If you have a bottle of THAT type of milk, or if you have a perfectly good bottle of milk in the fridge for that matter, we can replicate the buttermilk process. To avoid confusion, let’s call it cultured buttermilk as it seems to be a better descriptor – replicating the ‘sour milk’ of yesteryear (not the literal butter-milk from the butter making process as using full cream it can be relatively sweet).

You can make cultured buttermilk very easily by mixing regular milk you’d buy from your local supermarket (or farmer if you are lucky) and lemon juice or white vinegar. This acidic element helps curdle the milk before your eyes.

You can make cultured buttermilk in ten minutes!

Don’t be put off by the coagulation. Give it a quick stir and the lumps will dissipate, resulting in a thickened, watery, yoghurt texture.

homemade cultured buttermilk homemade cultured buttermilk homemade cultured buttermilkWhat recipes need buttermilk?

Buttermilk can be used in pancakes, waffles, scones, panna cotta, muffins – you name it.  Check out my Buttermilk & Chia Scones.

While our forefathers may have consumed buttermilk by the glass (the traditional byproduct of butter making) it was often sweet due to the full cream. Cultured buttermilk will smell great but taste sour so not of acquiring taste to drink!

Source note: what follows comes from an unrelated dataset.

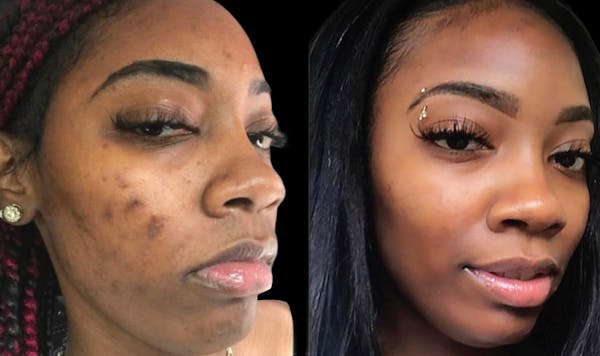 Chemical Peels Before & After Gallery - Patient 396208 - Image 1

Cultured Buttermilk Recipe

Ingredients

  • 1 cup of regular milk
  • 1-2 Tbsp lemon juice, approx 1 lemon

Method

  1. Strain the lemon over a sieve into a bowl (to remove pips). If you are concerned with how much is too much, the average lemon will contain between 1-2 tablespoons of juice.
  2. Pour in milk.
  3. Leave to rest for 5-10 minutes. You’ll see it coagulate before your eyes. Give it a quick stir then get baking happy.

It really is that simple. Enjoy.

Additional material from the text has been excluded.